En Tunisie, la « mainmise » de Kaïs Saïed sur la justice contestée dans la rue
Il y a un an, le président tunisien révoquait 57 magistrats, expliquant vouloir « purger » le système judiciaire. Une décision dénoncée par les manifestants rassemblés ce 1er juin à Tunis.
Des dizaines de magistrats, d’avocats et de militants de la société civile ont protesté ce jeudi 1er juin à Tunis contre la révocation, il y a un an, par le président Kaïs Saïed de plus de 50 juges, dénonçant la « mainmise » du pouvoir sur la justice. « Le peuple veut des magistrats et non des esclaves », « la magistrature est un pouvoir et non pas une fonction », ont scandé les manifestants, rassemblés devant le Palais de justice, sous le contrôle étroit de policiers en civil.
Le 1er juin 2022, Kaïs Saïed avait révoqué 57 magistrats par décret présidentiel, les accusant de corruption et d’entrave à plusieurs enquêtes. En août, la justice administrative a suspendu cette décision pour 49 d’entre eux et annoncé qu’ils pouvaient reprendre leur travail. Mais ils n’ont pas pu réintégrer leurs postes, leurs salaires n’ont pas été versés et ils ont été privés de couverture sociale.
Intimidations
« Malgré cette décision définitive de la justice, le président et la garde des Sceaux refusent d’appliquer la loi, ce qui représente un crime », déplore le porte-parole du comité de défense des magistrats révoqués, l’avocat Hammami Ayachi. Selon cet ancien opposant au régime du président déchu Zine el-Abidine Ben Ali, 37 plaintes ont été déposées depuis janvier contre la ministre de la Justice, Leila Jaffel, pour « violation de la loi ».
Le chef de l’État « intimide les magistrats par ses déclarations, exprimant sa position sur plusieurs affaires politiques et juridiques, accuse-t-il.

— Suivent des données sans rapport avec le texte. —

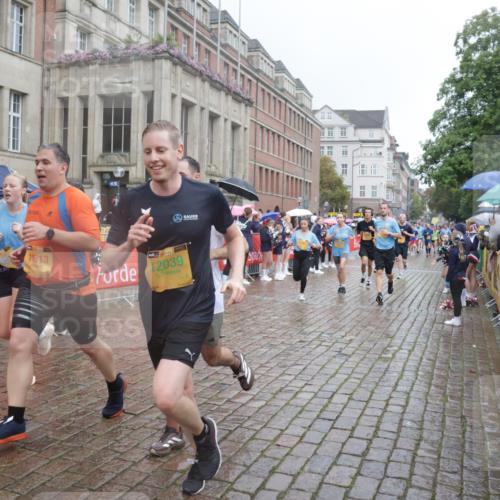 13.09.2026 - Kiel Lauf Yannick Fuchs http://msf.ph/oto/10411057 13.09.2026 10:42:03 Ziel 150, 580, 1416, 1755, 2013, 2375, 2535, 2665, 2667, 2819, 3188, 3212, 3372, 3985, 4399, 4475, 4513, 4559, 4604, 5265, 5322, 5669, 5749, 6175, 6236, 6587, 6656, 6917, 7051, 7923, 8547, 8549, 8981, 9147, 9391, 9595, 9912, 9920, 10452, 10589, 10725, 10790, 10877, 11021, 11916, 12639, 214, 604, 698, 811, 827, 1183, 1206, 1241, 1330, 1445, 1507, 1772, 2013, 2387, 2532, 2547, 2927, 3249, 3329, 3330, 3351, 4559, 4895, 4959, 4976, 5058, 5108, 5158, 6165, 6564, 6960, 239, 2224, 2314 meine-sportfotos.de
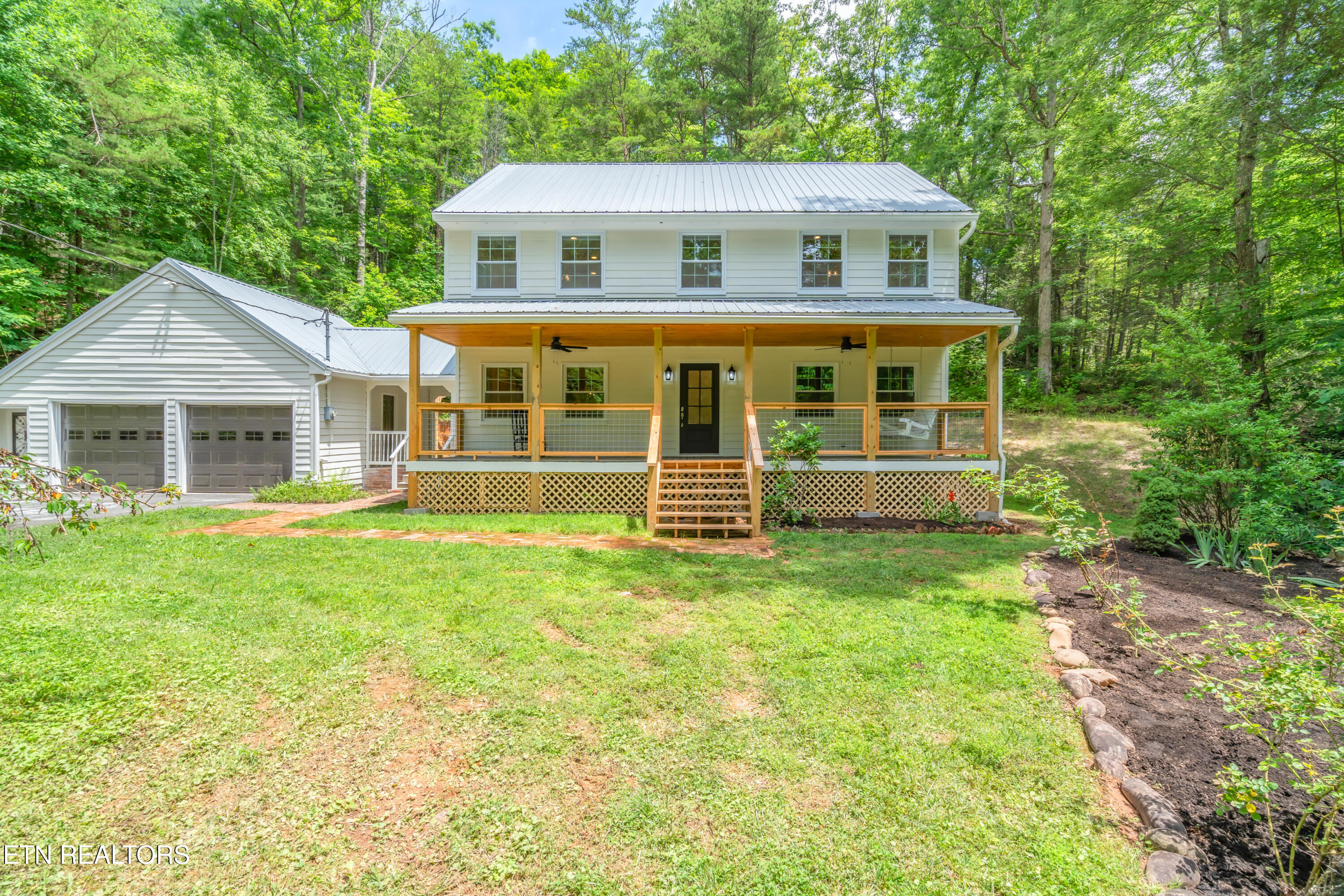706 Skyline Drive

Certains magistrats ont peur d’être révoqués eux aussi s’ils n’appliquent pas les ordres. » « Nous sommes punis par le pouvoir parce que nous avons refusé d’émettre des mandats d’arrêt contre des personnalités politiques », a affirmé Hamadi Rahmani, l’un des magistrats révoqués, en dénonçant « la mainmise du pouvoir sur la magistrature et des tentatives d’intimidation des juges ».
Réforme des institutions
Début 2022, quelques mois après s’être emparé des pleins pouvoirs, Kaïs Saïed avait dissous le Conseil supérieur de la magistrature (CSM) pour le remplacer par un conseil provisoire dont il a nommé les membres. Selon la nouvelle Constitution qu’il a fait promulguer mi-2022, le président désigne les magistrats sur proposition du CSM, dont c’était auparavant la prérogative.